(Beginning of Material provided)
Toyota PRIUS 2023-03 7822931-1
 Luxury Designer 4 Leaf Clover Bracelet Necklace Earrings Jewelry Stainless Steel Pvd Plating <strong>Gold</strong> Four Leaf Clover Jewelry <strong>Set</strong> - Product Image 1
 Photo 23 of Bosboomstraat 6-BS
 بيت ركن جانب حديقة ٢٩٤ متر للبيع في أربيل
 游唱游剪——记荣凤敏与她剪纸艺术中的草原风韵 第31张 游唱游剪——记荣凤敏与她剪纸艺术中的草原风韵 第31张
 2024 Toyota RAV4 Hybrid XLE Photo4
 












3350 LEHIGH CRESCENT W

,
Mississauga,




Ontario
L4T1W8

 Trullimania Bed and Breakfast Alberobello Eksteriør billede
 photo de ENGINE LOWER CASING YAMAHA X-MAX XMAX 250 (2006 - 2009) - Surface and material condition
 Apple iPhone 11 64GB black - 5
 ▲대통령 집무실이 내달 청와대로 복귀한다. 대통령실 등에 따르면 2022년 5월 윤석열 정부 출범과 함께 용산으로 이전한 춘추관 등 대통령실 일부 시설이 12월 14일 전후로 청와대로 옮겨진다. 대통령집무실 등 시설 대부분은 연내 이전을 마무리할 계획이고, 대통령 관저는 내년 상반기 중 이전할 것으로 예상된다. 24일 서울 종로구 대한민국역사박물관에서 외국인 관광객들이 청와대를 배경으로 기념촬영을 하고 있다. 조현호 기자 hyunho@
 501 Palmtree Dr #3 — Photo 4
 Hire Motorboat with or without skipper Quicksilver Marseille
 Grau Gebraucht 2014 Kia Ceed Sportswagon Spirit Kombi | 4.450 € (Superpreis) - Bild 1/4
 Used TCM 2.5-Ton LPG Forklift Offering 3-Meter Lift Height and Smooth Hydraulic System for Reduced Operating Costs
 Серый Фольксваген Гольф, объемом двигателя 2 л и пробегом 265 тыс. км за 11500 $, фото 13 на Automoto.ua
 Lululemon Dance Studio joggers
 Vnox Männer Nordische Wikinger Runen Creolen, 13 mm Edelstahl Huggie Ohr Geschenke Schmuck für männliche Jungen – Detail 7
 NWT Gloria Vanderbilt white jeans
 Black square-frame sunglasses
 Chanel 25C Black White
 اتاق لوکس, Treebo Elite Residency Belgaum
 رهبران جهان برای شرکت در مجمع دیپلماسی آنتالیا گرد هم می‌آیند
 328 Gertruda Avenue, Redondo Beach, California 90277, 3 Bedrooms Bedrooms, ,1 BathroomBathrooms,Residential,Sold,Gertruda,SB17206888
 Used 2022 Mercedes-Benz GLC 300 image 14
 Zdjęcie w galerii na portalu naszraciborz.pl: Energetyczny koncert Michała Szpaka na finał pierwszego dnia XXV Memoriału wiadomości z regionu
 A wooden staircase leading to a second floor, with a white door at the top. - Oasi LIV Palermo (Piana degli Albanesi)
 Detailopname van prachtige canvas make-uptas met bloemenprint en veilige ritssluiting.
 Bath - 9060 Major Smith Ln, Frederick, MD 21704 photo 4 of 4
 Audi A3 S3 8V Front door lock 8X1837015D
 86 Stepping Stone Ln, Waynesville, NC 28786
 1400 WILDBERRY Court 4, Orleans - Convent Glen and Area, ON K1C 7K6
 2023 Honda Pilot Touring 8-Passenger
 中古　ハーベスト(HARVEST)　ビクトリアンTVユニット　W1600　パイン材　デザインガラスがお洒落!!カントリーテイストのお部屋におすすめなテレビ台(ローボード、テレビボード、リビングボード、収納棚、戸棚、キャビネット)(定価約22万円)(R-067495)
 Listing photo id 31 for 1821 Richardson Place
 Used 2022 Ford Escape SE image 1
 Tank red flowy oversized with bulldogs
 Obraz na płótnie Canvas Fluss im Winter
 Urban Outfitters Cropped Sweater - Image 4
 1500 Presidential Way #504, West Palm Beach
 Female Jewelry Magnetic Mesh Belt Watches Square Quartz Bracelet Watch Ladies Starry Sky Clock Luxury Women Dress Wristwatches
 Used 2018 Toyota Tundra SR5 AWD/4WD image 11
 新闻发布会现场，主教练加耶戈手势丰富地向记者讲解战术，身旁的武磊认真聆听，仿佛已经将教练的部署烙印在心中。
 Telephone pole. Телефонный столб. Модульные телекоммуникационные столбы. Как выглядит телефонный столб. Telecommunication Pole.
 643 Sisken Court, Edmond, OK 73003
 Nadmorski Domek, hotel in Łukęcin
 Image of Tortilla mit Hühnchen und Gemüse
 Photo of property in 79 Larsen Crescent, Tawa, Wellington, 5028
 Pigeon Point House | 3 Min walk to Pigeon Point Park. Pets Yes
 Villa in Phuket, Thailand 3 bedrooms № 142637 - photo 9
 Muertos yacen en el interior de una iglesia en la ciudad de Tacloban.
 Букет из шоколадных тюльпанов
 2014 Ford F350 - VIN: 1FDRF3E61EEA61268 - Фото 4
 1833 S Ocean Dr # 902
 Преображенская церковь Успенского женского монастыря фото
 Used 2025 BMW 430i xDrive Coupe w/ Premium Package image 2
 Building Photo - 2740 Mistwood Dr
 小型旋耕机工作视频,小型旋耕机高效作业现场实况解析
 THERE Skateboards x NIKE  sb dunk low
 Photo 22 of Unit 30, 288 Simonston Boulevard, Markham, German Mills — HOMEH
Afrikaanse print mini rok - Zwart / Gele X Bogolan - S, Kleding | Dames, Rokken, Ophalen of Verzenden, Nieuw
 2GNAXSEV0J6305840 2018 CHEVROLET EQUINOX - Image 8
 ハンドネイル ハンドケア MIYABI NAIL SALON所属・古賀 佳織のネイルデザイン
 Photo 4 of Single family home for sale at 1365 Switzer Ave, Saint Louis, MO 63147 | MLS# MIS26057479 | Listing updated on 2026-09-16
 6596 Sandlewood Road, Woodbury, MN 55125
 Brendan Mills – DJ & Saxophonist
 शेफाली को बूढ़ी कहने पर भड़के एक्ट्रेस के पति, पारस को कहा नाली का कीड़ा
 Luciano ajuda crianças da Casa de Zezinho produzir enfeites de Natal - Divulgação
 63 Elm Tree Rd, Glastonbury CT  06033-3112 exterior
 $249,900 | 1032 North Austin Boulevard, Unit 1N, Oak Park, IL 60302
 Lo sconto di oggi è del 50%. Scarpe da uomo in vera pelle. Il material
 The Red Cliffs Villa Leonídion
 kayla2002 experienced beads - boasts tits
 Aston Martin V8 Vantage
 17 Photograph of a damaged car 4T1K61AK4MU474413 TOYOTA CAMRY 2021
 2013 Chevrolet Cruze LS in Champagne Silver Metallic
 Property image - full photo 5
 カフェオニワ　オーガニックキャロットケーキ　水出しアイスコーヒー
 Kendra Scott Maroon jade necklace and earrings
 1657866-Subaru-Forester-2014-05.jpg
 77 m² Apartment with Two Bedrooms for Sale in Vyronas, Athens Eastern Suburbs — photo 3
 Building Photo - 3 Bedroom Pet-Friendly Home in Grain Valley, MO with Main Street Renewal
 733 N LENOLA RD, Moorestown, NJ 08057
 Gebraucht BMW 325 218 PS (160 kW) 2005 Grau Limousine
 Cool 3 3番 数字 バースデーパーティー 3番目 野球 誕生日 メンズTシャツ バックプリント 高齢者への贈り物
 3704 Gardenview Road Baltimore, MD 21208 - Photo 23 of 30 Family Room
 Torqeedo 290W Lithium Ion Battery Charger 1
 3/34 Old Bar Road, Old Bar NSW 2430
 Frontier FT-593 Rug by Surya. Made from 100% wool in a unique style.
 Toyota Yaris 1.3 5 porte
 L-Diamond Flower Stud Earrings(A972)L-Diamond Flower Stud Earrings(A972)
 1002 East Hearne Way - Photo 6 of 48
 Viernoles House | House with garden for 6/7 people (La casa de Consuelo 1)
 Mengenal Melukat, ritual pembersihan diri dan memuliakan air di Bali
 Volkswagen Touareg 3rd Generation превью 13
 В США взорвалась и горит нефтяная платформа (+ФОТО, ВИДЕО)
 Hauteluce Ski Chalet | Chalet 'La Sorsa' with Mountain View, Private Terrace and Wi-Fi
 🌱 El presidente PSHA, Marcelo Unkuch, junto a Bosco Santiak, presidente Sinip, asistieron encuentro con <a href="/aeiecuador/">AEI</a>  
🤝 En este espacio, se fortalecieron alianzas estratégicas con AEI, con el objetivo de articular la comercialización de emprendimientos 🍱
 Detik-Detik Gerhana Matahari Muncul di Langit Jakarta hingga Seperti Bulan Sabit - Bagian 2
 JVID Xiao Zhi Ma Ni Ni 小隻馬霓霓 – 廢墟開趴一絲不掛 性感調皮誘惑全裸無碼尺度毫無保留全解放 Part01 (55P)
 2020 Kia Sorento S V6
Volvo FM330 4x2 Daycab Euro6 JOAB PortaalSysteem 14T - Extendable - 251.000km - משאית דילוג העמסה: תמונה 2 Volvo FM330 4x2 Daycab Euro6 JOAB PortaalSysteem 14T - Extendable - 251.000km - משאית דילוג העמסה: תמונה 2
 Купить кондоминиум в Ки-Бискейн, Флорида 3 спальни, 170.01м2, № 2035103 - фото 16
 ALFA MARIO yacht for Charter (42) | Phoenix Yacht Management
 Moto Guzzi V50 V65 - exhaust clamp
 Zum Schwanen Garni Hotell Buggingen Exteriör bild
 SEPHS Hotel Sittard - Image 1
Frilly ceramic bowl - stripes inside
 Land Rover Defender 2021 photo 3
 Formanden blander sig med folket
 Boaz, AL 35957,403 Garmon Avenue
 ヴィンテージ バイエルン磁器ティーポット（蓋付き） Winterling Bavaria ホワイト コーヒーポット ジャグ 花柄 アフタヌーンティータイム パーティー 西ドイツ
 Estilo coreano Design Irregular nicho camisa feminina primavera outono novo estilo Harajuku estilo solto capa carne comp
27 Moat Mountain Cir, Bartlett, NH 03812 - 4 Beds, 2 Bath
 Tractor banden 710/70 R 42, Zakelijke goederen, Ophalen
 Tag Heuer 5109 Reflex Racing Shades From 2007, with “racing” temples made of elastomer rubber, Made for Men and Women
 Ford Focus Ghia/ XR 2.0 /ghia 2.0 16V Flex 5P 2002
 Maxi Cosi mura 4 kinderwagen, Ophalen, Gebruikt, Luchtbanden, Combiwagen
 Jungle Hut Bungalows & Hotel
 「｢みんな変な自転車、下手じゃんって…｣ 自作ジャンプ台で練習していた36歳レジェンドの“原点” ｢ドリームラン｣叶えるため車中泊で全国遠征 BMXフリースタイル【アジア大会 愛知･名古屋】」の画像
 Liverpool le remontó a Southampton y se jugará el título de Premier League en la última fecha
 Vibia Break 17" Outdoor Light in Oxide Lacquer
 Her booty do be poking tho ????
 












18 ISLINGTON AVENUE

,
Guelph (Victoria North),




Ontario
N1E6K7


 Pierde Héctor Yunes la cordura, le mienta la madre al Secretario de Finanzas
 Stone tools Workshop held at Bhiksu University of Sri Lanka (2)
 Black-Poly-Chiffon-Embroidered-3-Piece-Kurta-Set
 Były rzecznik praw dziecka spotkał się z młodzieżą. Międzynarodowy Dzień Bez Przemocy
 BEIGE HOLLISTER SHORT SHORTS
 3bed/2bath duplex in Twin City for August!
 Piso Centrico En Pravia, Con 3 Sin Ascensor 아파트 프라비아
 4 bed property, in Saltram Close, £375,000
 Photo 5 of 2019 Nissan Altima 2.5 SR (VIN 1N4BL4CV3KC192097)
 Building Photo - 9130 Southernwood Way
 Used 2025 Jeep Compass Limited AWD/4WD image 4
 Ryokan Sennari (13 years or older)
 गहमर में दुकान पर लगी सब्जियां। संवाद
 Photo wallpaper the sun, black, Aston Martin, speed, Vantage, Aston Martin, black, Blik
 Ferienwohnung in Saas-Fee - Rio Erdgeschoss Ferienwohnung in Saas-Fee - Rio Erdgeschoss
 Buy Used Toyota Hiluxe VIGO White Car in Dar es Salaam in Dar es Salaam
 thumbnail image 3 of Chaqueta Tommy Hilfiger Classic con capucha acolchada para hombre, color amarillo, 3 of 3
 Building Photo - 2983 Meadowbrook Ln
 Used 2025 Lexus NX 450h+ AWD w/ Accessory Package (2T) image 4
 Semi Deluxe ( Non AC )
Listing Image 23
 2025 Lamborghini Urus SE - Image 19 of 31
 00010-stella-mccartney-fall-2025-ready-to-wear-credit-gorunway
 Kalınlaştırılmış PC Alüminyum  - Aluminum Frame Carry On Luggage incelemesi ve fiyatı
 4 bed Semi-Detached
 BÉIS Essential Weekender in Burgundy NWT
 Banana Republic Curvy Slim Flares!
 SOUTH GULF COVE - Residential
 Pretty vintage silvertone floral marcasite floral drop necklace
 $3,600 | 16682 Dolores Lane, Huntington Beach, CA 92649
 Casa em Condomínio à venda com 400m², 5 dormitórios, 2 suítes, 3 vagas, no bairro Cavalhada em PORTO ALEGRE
(End of Material provided)
> _Brief_:
Tally the lines in this data that hold the word "Grau" and state only the count.

> _Exercise solution_:
2